Mark Carney can no longer keep his eyes closed to the rising inflation in the UK, after the headline inflation advanced to 2.9% in May. Yet, he is not willing to raise the interest rates as the country is face to a decent number of political and economic uncertainties as it prepares to leave the European Union.
Until now, Mark Carney relied on the fact that the slower wages growth would gradually temper the rising inflationary pressures. But apparently, the UK’s households had deeper pockets than Carney estimated and the upside pressure in consumer prices remained solid a year after the Brexit referendum. The UK’s headline inflation is now a stone’s throw lower than the 3% level, above which Governor Mark Carney is asked to write an open letter to the Chancellor to explain the significant deviation from the BoE’s 2% inflation target.
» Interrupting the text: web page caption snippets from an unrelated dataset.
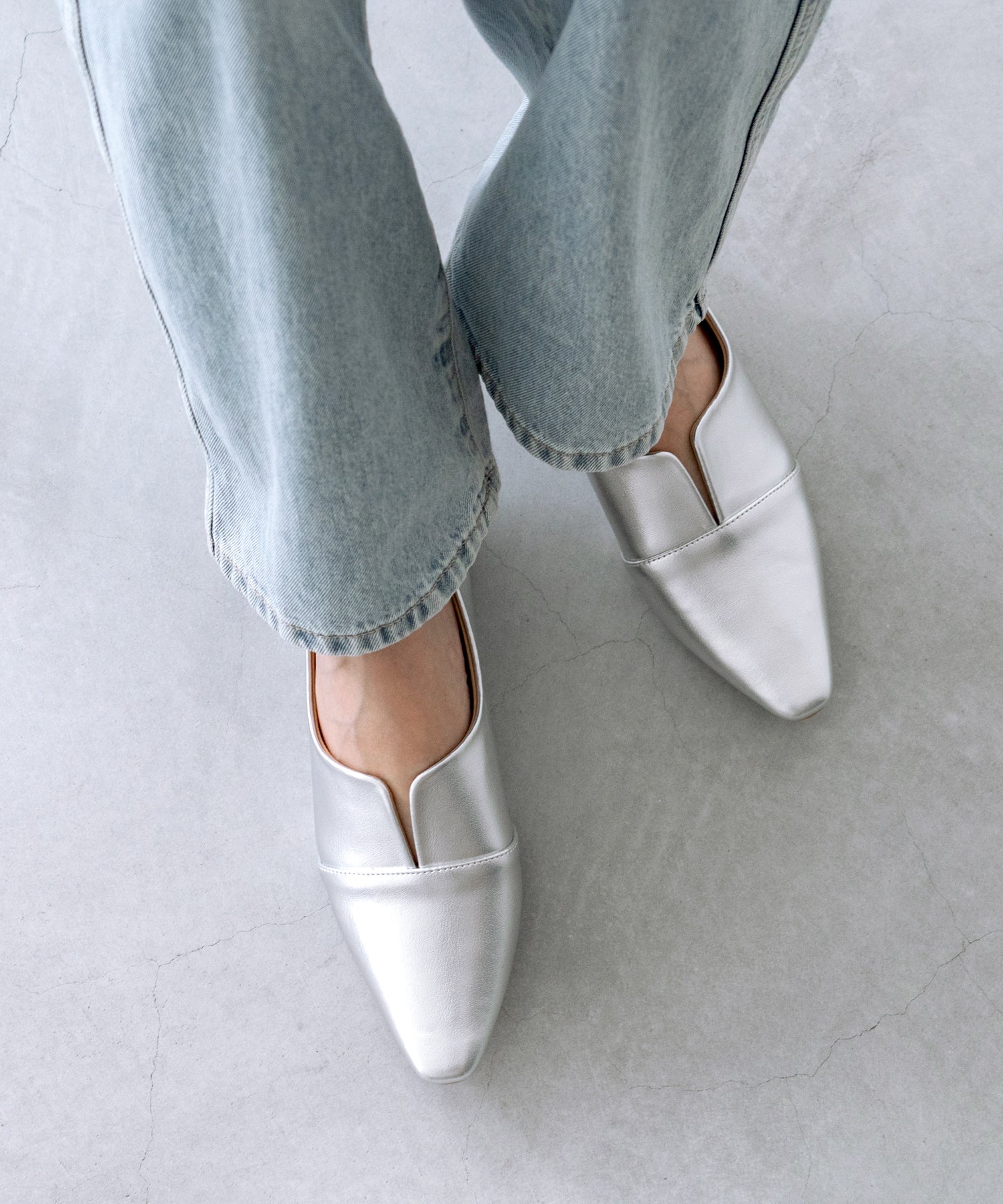 メヌエ Menue スクエアトゥ スリットカッティング フラットシューズ (1140シルバーPU) 1140シルバーPU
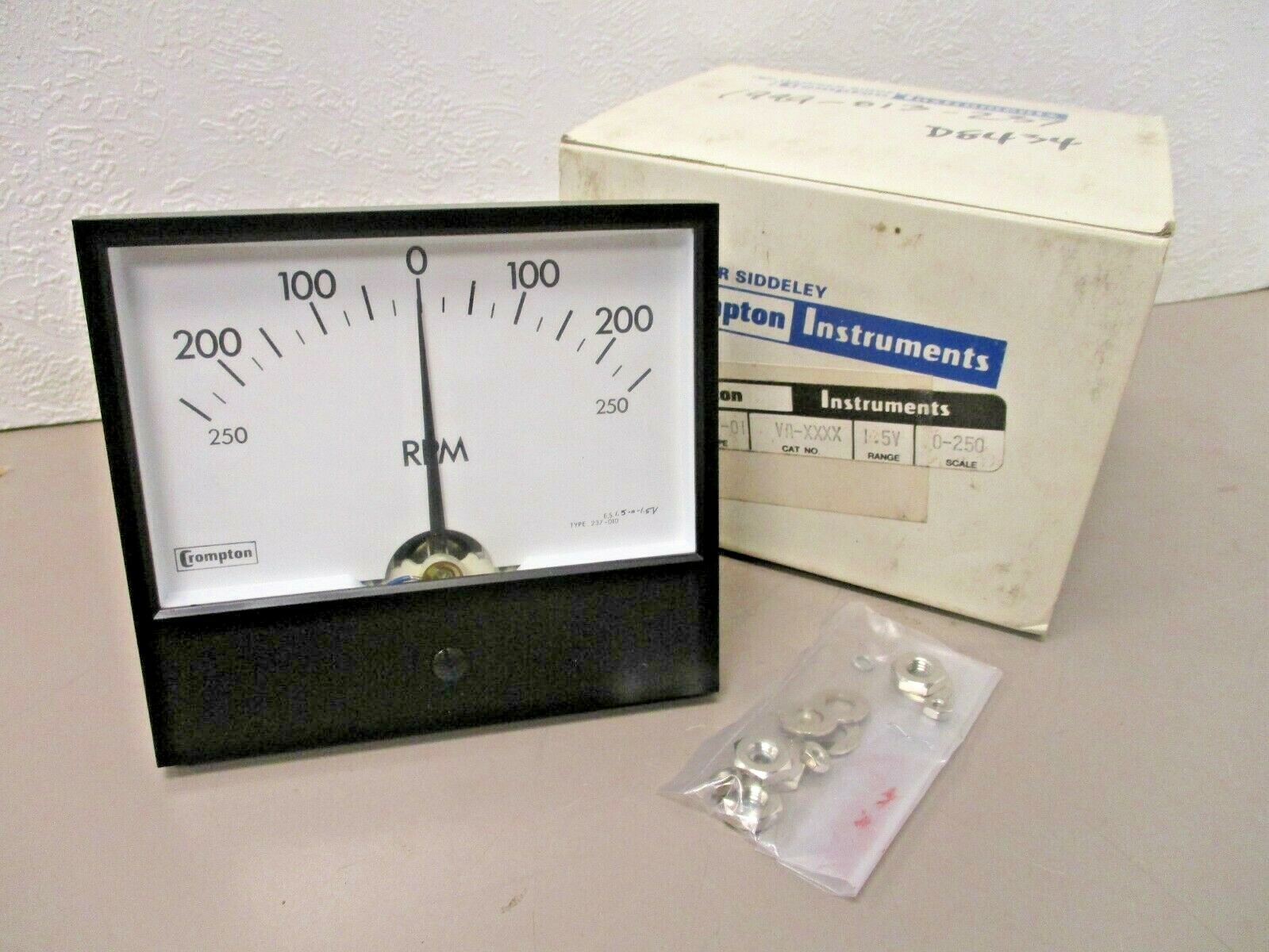 Crompton Instruments  VA-XXXX  Opposing Scale Panel Meter  RPM 250-0-250  237-01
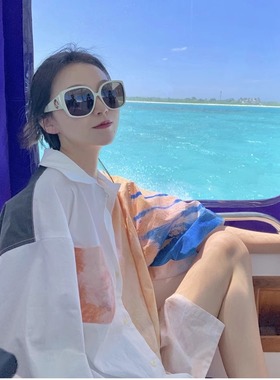 三亚泰国多巴胺旅游穿搭海边度假沙滩拍照防晒衬衫连衣裙超仙女夏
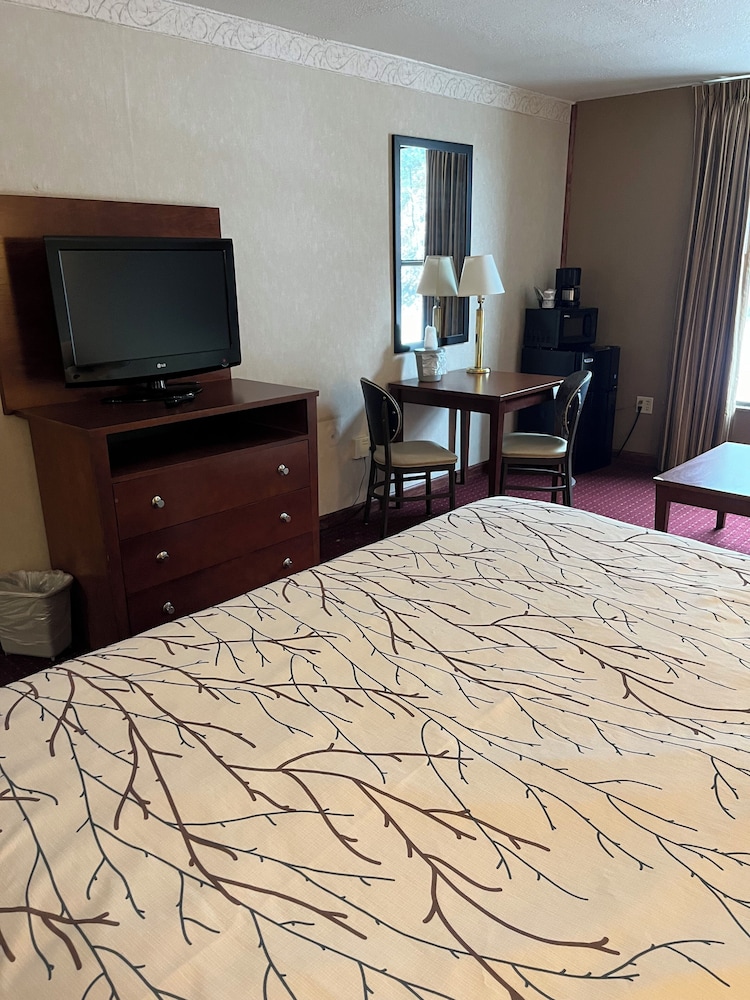 Mineral Palace Hotel & Casino - photo 16
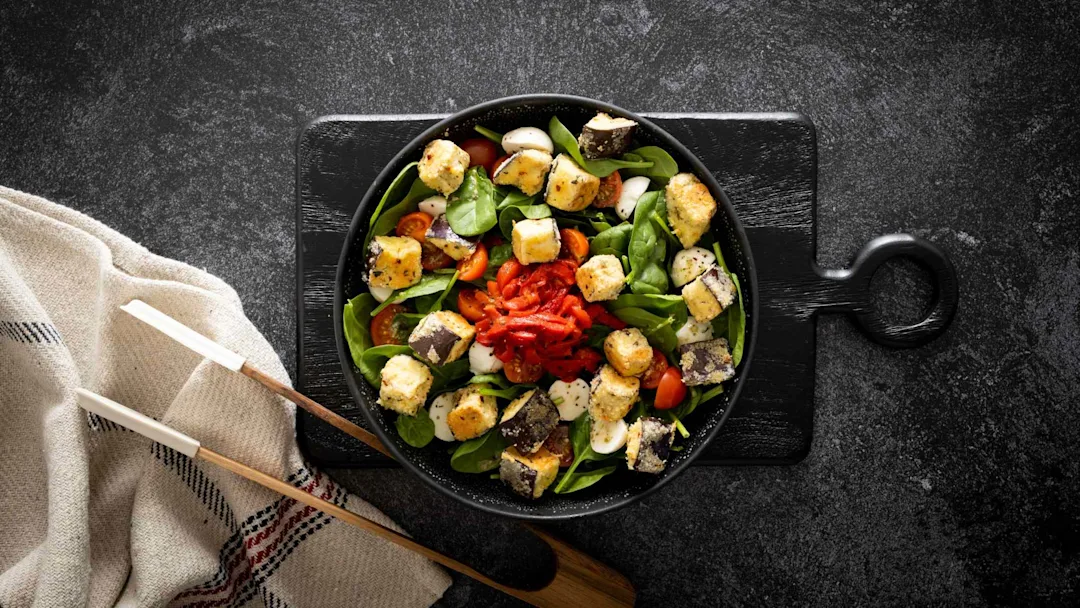 low-carb-mediterranean-eggplant-salad
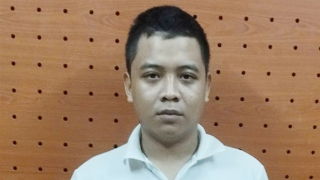 Đột nhập cạy cửa, phá tủ cuỗm loạt tiền vàng mang bán tiêu xài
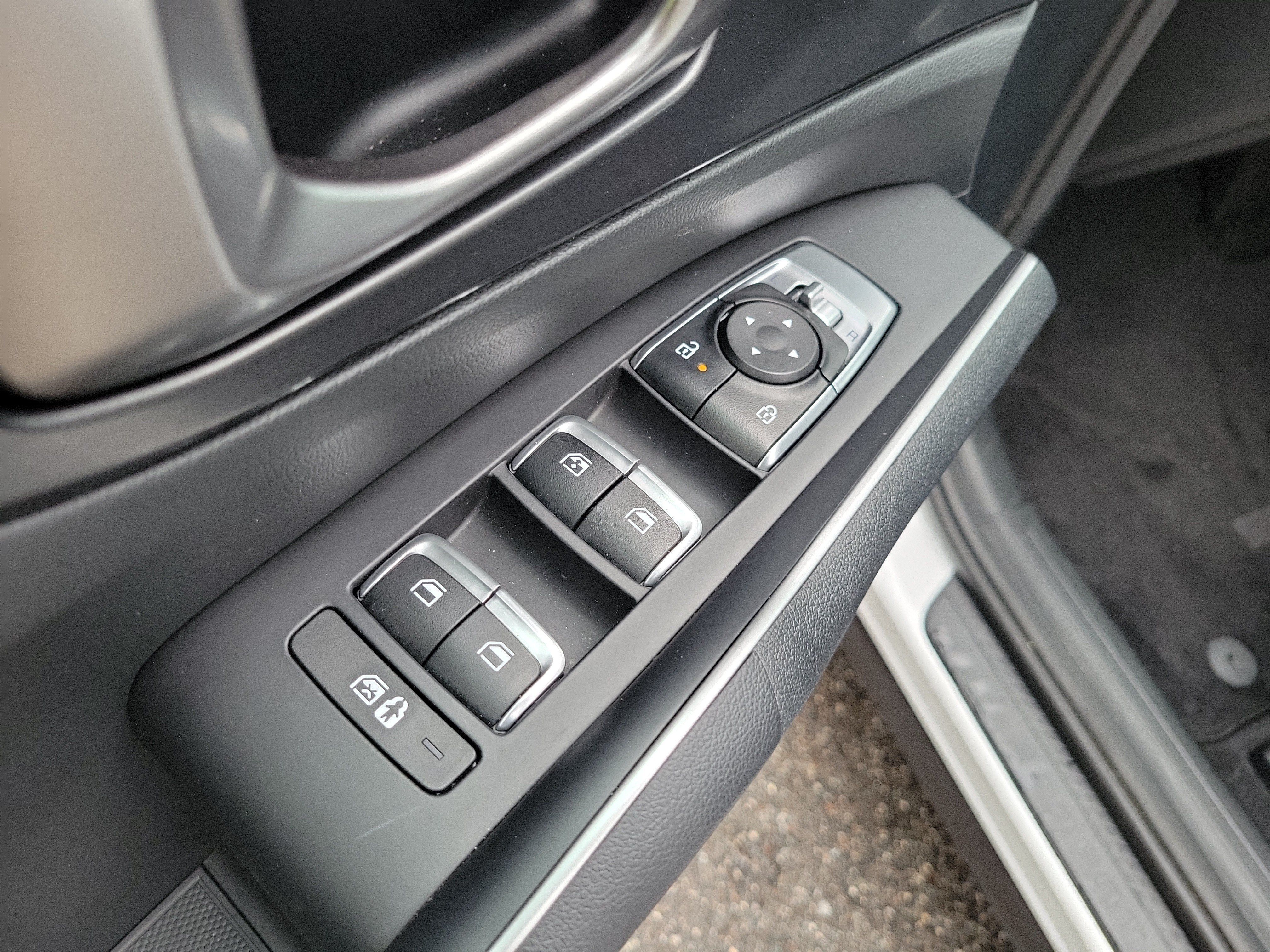 Certified 2025 Kia Sorento S w/ Panoramic Sunroof Package FWD image 19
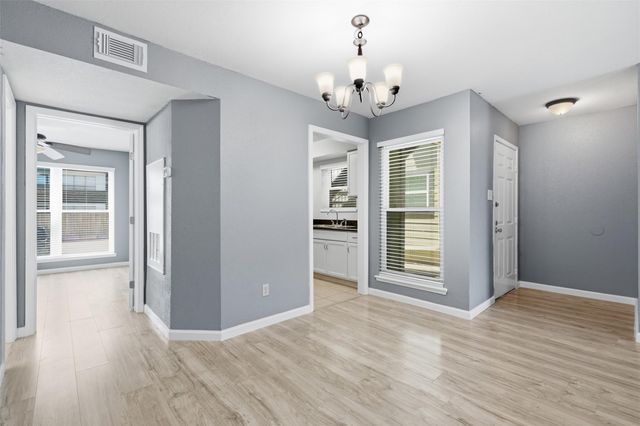 18800 Egret Bay Boulevard 1007, Webster, TX 77058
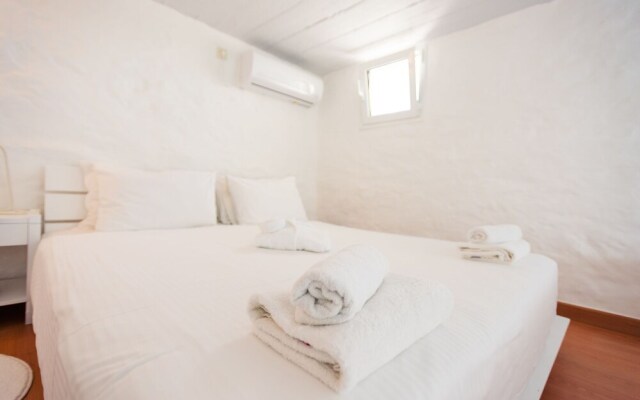 White Sun maisonette overlooking the sea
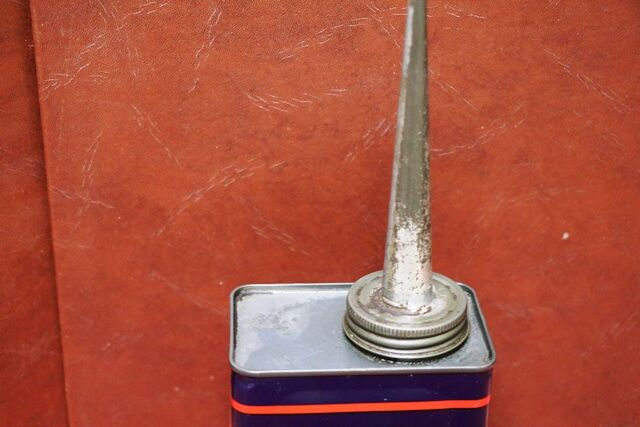 Vintage UNA  SUNCAN Farm Machinery Oil Can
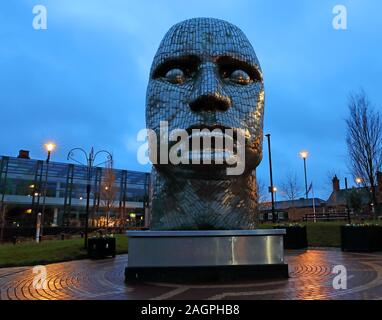 La faccia di Wigan, Il Wiend, Wigan Town Center, Greater Manchester, Inghilterra, Regno Unito, WN1 1YB al crepuscolo Foto Stock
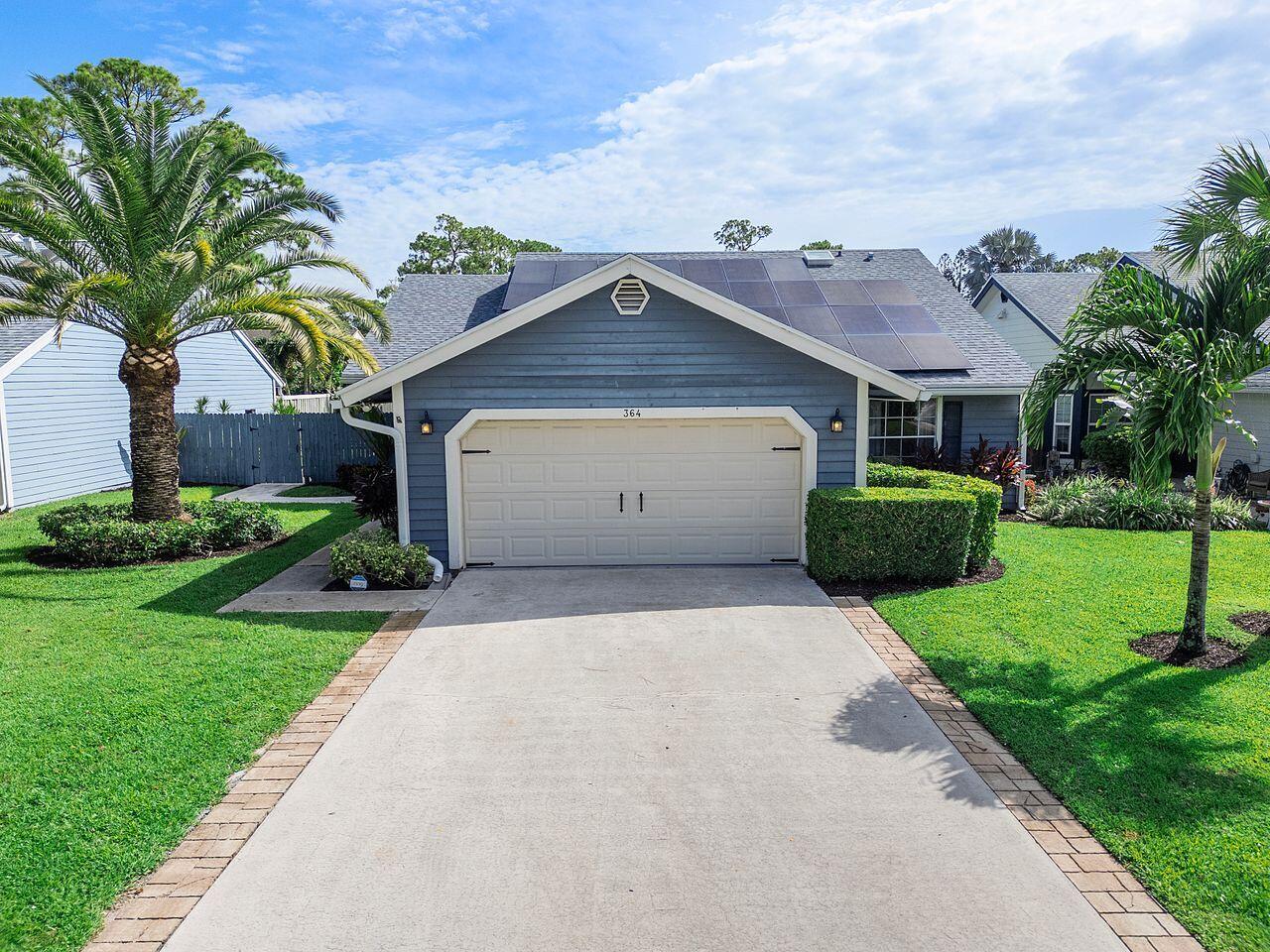 Wellington, Florida, 33414, United States, 2 Bedrooms Bedrooms, ,2 BathroomsBathrooms,Residential,For Sale,1892262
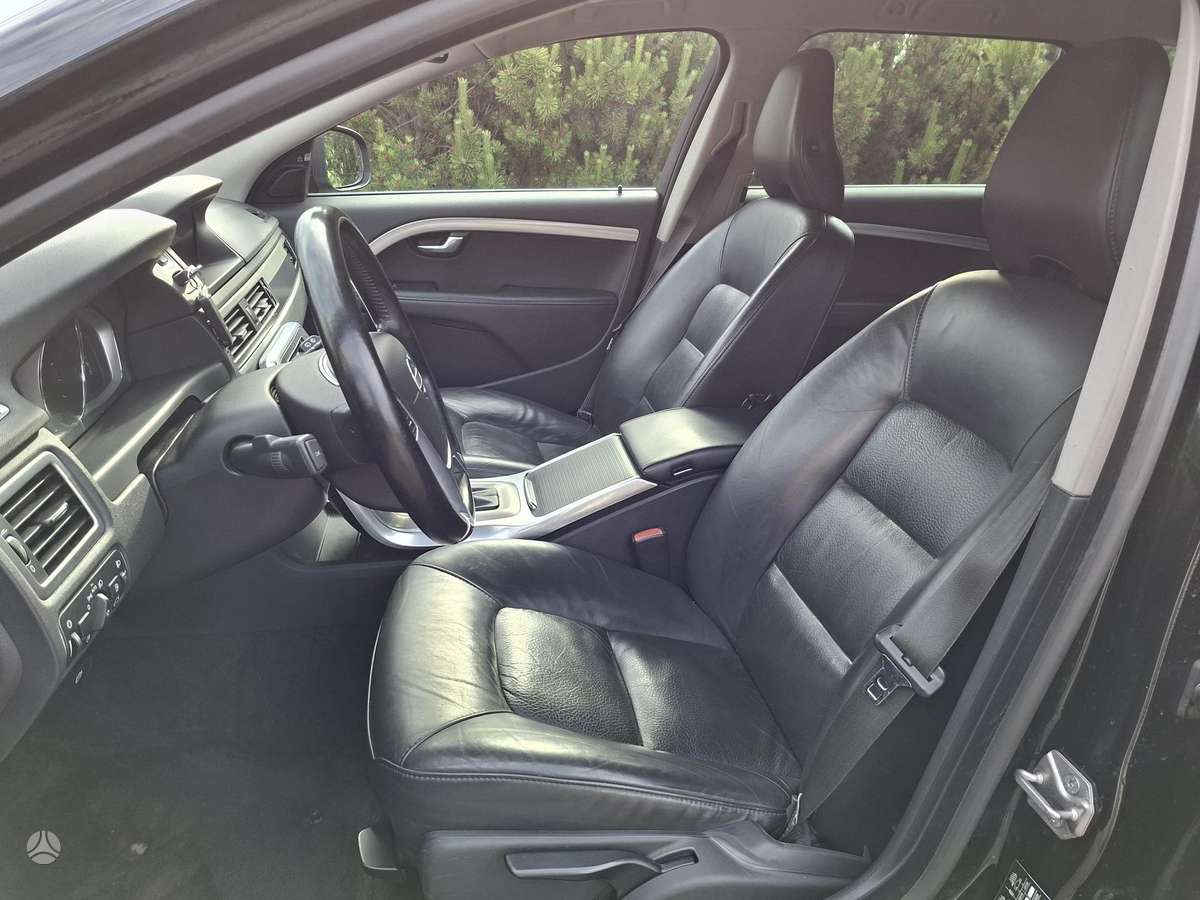 Volvo V70, 2.0 l., Универсал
Given the extraordinary Brexit situation, Mark Carney has of course a very good reason to back up the above-trend inflation in the UK. However, he is gradually losing the support of the other MPC members. Three MPC members out of eight voted in favour of an interest rate hike in the BoE’s June policy meeting. The hawkish shift at the heart of the BoE rang the alarm bell.
As a result, Mark Carney has run out of time in letting the macro-dynamics to rebalance the inflation situation in the country.
Today, he has recourse to the macro-prudential measures, a set of rules that will apply to specific areas in the economy, in an attempt to keep his policy loose within the space he has been given in terms of inflation.
Macro-prudential measures
Macro-prudential regulation is defined as ‘the approach to financial regulation that aims to mitigate risk to the financial system as a whole (or “systemic risk”).’ In other words, the macro-prudential measures are used to target specific areas or sectors of the economy that threaten the efficiency of a policy.
Such measures have been frequently employed during the zero rate environment that followed the 2007/2008 subprime crisis. Low mortgage rates encouraged households to purchases properties, which caused a rapid inflation in house prices. To prevent the overheating in the property markets, policymakers often modified the existing rules. In Switzerland, the size of the down payment has been doubled to temper the bubble-like rise in housing prices.
In the UK, the BoE decided to increase the capital requirement from the UK banks and take control over the credit growth.
In theory, these measures are expected to decrease the velocity of the money in circulation and temper the rising inflationary pressures.
The impact on the pound
The macro-prudential measures are designed to diminish the amount of transactions and should lead to tighter monetary conditions in sectors which are thought to overreact to low rates. This is supportive of a stronger pound.
As such, the pound traders’ first reaction to the macro-prudential measures have been positive. The pound cleared 1.2825-offers, which stand for the 23.6% retracement on March – May rise and June triple top.
Pound appreciation past the 1.30 level against the US dollar could curb the rising inflation in the UK and release the tension among the BoE-hawks. This would mean that the pound could consolidate gains above $1.30.
The upside potential is contingent on the Federal Reserve’s (Fed) monetary outlook. The next Fed rate hike is not anticipated before December. Hence, the post-reflation correction in the US dollar could well pave the way for a further rise in Cable.
The key technical resistance stands at 1.3045, the major 38.2% retracement on post-Brexit sell-off. This level should distinguish between a continuation of the mid-term downtrend and a mid-term bullish reversal against the greenback.